PID (Program ID) overflow

We have an embedded system which runs a crontable. After about 2 months in
the field, the PID overflows (>32767). In one unit, it wrapped around once,
but on the second time, 2 months later, there was a failure on the third new
PID assignment after the roll-over. On another unit, it failed on the first
wrap-around, and on exactly the third PID also. (Coincidence?)

The “failure” is several programs (both QNX and our own) are terminated (no
longer running when you do a sin).
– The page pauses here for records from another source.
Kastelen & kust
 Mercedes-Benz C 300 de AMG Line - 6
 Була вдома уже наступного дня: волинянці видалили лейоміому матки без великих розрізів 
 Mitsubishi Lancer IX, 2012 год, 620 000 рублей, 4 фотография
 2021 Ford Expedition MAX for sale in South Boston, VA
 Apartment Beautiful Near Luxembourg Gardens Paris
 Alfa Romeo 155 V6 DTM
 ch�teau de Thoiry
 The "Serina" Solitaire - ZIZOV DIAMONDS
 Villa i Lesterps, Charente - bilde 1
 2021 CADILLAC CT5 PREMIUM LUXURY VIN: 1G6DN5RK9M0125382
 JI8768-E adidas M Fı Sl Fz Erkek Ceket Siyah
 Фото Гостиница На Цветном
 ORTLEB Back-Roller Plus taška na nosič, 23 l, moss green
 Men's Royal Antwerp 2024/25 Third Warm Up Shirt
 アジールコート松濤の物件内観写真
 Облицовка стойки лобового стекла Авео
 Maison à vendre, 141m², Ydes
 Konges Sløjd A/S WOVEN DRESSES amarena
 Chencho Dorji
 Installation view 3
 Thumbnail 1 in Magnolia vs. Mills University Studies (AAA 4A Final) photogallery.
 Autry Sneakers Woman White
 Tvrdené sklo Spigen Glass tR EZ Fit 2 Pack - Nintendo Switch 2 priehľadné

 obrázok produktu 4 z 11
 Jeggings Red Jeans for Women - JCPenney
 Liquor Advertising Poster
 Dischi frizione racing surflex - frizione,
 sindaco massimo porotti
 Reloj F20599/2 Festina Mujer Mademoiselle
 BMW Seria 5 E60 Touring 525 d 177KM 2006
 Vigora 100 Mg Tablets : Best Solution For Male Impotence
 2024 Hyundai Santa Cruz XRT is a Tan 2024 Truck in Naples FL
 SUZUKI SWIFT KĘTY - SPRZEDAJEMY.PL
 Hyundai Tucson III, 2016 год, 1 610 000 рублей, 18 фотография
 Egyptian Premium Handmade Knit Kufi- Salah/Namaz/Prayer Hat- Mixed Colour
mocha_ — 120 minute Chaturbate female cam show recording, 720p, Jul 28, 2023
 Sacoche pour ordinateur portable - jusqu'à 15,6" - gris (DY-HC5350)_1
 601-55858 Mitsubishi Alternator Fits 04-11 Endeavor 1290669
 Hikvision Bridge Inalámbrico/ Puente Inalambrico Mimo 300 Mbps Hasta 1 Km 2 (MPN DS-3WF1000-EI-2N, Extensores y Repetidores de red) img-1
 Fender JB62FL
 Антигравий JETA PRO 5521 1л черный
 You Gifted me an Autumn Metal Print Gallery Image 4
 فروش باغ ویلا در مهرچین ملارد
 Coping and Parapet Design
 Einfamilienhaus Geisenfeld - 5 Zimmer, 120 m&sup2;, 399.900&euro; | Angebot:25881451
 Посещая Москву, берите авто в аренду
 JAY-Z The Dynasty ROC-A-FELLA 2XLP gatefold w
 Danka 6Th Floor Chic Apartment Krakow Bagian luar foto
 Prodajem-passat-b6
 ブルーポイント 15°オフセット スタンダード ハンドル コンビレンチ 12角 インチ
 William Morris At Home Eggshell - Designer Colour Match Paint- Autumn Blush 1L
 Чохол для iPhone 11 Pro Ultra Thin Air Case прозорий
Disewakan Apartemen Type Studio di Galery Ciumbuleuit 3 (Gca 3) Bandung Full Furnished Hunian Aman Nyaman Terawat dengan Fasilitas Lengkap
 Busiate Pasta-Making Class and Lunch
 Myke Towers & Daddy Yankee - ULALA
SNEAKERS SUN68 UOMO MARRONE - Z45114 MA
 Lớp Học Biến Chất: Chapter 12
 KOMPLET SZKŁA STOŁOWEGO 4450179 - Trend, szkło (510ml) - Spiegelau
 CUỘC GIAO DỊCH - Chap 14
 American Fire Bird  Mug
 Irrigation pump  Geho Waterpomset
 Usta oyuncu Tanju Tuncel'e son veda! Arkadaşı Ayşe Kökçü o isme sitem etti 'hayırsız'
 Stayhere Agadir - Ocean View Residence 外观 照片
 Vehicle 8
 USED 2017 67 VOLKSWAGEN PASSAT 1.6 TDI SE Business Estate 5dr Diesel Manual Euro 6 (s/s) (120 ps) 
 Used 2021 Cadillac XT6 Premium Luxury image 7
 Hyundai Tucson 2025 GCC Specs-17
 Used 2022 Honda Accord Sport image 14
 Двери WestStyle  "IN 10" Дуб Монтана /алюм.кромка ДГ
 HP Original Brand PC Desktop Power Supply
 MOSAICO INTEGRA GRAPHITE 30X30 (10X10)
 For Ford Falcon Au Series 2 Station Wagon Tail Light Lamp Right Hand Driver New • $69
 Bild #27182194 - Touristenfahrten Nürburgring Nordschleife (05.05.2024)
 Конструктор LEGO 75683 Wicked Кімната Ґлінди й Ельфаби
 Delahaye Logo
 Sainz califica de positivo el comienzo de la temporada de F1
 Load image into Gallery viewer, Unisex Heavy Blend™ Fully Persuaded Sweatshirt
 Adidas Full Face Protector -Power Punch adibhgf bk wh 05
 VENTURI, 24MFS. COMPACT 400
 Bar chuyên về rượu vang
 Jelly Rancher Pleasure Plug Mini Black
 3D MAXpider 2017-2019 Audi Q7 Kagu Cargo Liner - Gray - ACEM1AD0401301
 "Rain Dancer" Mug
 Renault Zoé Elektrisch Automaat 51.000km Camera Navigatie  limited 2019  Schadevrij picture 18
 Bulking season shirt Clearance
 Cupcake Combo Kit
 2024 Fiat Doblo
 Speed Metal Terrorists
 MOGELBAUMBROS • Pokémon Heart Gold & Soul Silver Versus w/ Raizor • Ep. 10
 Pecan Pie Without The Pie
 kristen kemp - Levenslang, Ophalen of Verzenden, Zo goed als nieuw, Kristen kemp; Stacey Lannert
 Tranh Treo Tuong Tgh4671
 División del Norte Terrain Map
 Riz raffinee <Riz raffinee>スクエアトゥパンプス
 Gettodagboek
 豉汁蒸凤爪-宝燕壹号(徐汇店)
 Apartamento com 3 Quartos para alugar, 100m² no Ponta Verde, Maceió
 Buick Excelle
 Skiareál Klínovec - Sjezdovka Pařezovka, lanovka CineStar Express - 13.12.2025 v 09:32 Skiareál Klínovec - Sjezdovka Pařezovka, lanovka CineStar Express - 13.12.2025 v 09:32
Those programs include emu387, emu87_32
(our SBC does not have a hardware floating point processor), and
tracelogger (which is how we know that the PID’s wrapped around), plus 3 of
our programs.

We are speculating that possibly a new PID assignment conflicts with an
existing one (a low number one that was assigned upon the initial boot up),
causing the program terminations.

Has anyone seen this or can shed some light on the problem?

Ed Schwartz
edward.schwartz@l-3com.com

“Edward Schwartz” <edward.schwartz@l-3com.com> wrote in message
news:8ptuar$j00$1@inn.qnx.com

We have an embedded system which runs a crontable. After about 2 months in
the field, the PID overflows (>32767).

Pid can’t overflow, they are “reused”, so pid wrapping around to
not apply here.

In one unit, it wrapped around once,
but on the second time, 2 months later, there was a failure on the third
new
PID assignment after the roll-over. On another unit, it failed on the
first
wrap-around, and on exactly the third PID also. (Coincidence?)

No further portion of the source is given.